Bucks Fizz – You and Your Heart So Blue
Sometimes a pop singer or a group comes along and speaks directly to your soul, and there isn’t a thing you can do about it. When I was eight the group that spoke to me, saying “buy every single one of our records” was Bucks Fizz. I cried when Making Your Mind Up was knocked off no.1 by Stand and Deliver (and, quite rightly, was given a stern telling off). Of course for the purposes of playground survival I had to pretend to be more of a Madness person, but behind closed doors I would open up my gatefold LP, which had lifesize head shots of Cheryl, Jay, Mike and Bobby inside, and prop it up against my bedroom window to try and fool the local toddlers into thinking I had the Fizz round for tea. It never worked.

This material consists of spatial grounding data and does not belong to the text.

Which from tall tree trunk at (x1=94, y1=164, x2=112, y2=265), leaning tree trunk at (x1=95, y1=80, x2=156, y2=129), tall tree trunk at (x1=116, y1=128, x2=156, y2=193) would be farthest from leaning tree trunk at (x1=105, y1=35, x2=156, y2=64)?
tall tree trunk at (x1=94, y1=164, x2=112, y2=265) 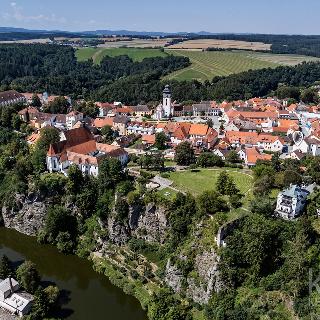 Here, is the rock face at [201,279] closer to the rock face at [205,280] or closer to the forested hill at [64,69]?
the rock face at [205,280]

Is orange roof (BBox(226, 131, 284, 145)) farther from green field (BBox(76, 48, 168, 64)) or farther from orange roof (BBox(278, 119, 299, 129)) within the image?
green field (BBox(76, 48, 168, 64))

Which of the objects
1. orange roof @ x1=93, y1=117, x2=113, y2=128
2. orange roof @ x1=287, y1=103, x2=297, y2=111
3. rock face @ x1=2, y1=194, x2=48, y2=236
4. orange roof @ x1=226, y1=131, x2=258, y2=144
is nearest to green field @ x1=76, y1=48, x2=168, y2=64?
orange roof @ x1=287, y1=103, x2=297, y2=111

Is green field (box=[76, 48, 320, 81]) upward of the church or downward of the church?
upward

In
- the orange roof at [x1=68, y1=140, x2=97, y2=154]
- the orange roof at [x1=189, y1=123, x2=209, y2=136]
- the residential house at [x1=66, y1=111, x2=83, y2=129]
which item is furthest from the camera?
the residential house at [x1=66, y1=111, x2=83, y2=129]

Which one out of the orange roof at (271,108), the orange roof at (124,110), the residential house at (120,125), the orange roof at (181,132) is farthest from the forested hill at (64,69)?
the orange roof at (181,132)

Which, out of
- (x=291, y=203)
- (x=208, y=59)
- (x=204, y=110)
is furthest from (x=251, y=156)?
(x=208, y=59)

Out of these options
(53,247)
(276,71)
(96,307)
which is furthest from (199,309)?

Would I do anything differently with the benefit of hindsight? Yes I would. I’d march into school festooned in Bucks Fizz badges, loudly proclaiming that My Camera Never Lies is one of the best pop records ever. And then I’d head directly to sick bay, as I’d have gotten a good kicking. But it would totally have been worth it.
The group has never really undergone any sort of critical reappraisal – dismissed for being manufactured, for being lightweight, for being Eurovision winners, and for splintering into so many warring factions that at one point there were almost more versions of Bucks Fizz touring the country than there were remaining fans. But this is doing them a great disservice, because they made for a terrific pop group – and it’s easy to forget that for a couple of years they were the most popular one in the country. Their Imperial Phase lasted from The Land of Make Believe through to If You Can’t Stand the Heat, taking in the aforementioned Camera as well as Now Those Days Are Gone – the latter showing off vocal prowess worthy of Abba.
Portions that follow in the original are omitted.